You have a lovely baby and all’s going well (most of the time, anyway). Could it be time for number two? Work out whether you’re ready
Seeing this gorgeous baby you’re raising, it’s almost hard to get your head around the fact that it’s actually you and your partner doing this. You who are, without fail, 10 minutes late for work every day (often arriving with puree on your blouse), and he who constantly forgets the wipes/comforter/box of raisins every time he takes the baby out.
But, here you are, bringing up a child as a couple and, in general, doing a pretty good job. You’ve been asked if you’re ready for baby number two. Umm-ed. Ahh-ed (over your baby’s newborn pics). Panicked. And now you’re ready to seriously consider it.
Don’t underestimate what you’ve learned
Thinking back to those early days with your baby, it was incredible but it was also pretty exhausting. Bear in mind, you’ve learned a hell of a lot, which you can definitely put into practice with baby number two. Baby bath? Forget it. The sink works just fine.
Remember you’re not complete novices. You can be those seasoned, wise(ish) second-time parents in the antenatal class.
Have that conversation
The idea of having a new baby with a toddler racing around is pretty daunting. Sit down together and discuss what you’d need to make this work. Chat about work and money, but also how you’re both currently coping physically and emotionally with being parents – addressing any issues can help you plan and work through them.

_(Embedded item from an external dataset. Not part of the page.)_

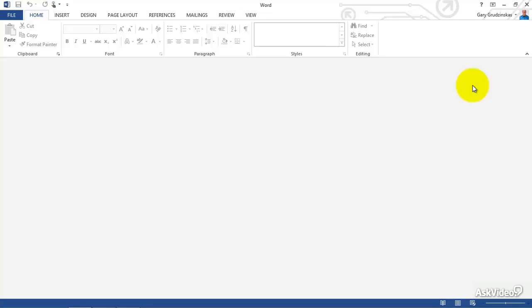We're going to start off looking at how to open a document, create a new document, or save a document. I know you've done it before, but things are just a little bit different in Word 2013 that it's a good idea to go over this.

Support and look after yourselves
You want to feel like you’re in a place where you can support your partner and family, but also where you’re not running on empty.
Get into the habit of looking after yourselves – organise date nights , take time to do something you love, whatever makes you both relaxed and happy.
‘This’ll put you in a better mindset to make decisions about baby number two and consider how you’d handle it,’ says Claire Brummel, relationship coach at Feminine 1st.
Get advice – but make decisions together
Ask your friends and family if you want advice, but make plans with your partner.
‘This needs to be a joint choice and you want to be open with him, not trying to influence him with the decision you just made with your best friend,’ says Claire. Perhaps don’t show his the new baby name list you’ve made just yet, either.